Constantin Brancusi é um escultor romeno, a viver em França, de que começamos por conhecer o seu momento de desejo de independência depois de anos a fazer trabalho repetitivo de preparação de cópias, com o grande mestre Rodin. 

Numa fase em que a sua reputação já está bem consolidada, particularmente no velho continente, Brancusi envia obras suas para os Estados Unidos, para uma exposição. O problema é que uma sua obra, em cobre, denominada de “O pássaro”, quando aberta na alfandega, à chegada a Nova York, é tomada por um produto industrial, sendo considerado que não constitui qualquer obra de arte, pelo que lhe é imposta uma taxa aduaneira. Apesar de ter de voltar para França, Brancusi decide mover uma ação no tribunal contra tal decisão, chocado com o entendimento sobre arte dos funcionários americanos.
Ao longo desta BD podemos acompanhar as notáveis sucessões de discussões em tribunal, acompanhadas por um amigo de Brancusi, Marcel Duchamp, que lhe desenha cartas de relato, ao mesmo tempo que vamos acompanhando as reações, a raiva e a perturbação de Brancusi. Muito desta obra tem a ver com a conceção de arte, com a definição de arte e a subjetividade que lhe é associada, com os sentimentos que suscita, com a relação entre moderno e contemporâneo, e também com a inveja entre artistas.

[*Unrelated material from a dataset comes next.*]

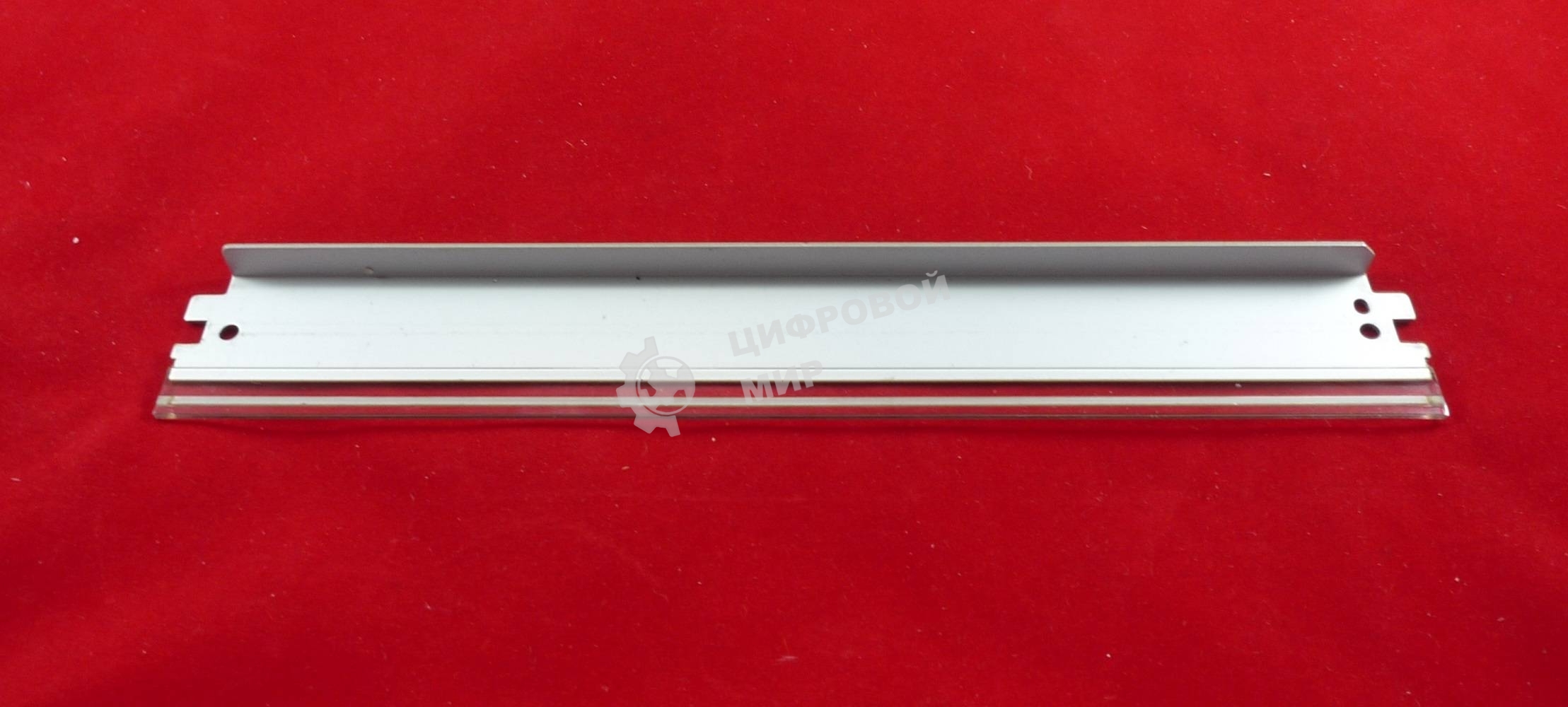 Ракель (Wiper Blade) HP LJ 4000/4100/P4014/4015/M4555/M601/602/603 (ELP, Китай)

O Francês Arnaud Nebbache realiza esta BD aproveitando para esta bem-humorada e inspirada história esses dois monstros artísticos – o romeno pai da escultura moderna e o pintor (e depois escultor) surrealista Marcel Duchamp, que foram muito amigos – aproveitando as muitas referências existentes sobre o pensamento dos artistas sobre arte, e sobre arte moderna. Muito interessante e divertido, sem cair em excessos de profundidade conceptual ou filosófica.

O desenho é diferente do habitual, pois não tem contornos, uma verdadeira sobreposição de sombras, com contrastes de luz, o que obriga a um tratamento de cores muito específico, para assegurar uma maior legibilidade das pranchas. Brancusi, com a sua longa barba branca é sempre branco. O desenho tem também uma estrutura geométrica e arquitetural que se revela bem conseguido e agradavelmente legível. Pelo que percebi, é uma primeira obra do autor.

E afinal, porque razão a escultura se chama “o pássaro”?!

Editado pela Dargaud, 128 pranchas e um formato um pouco mais pequeno que o da tradicional BD.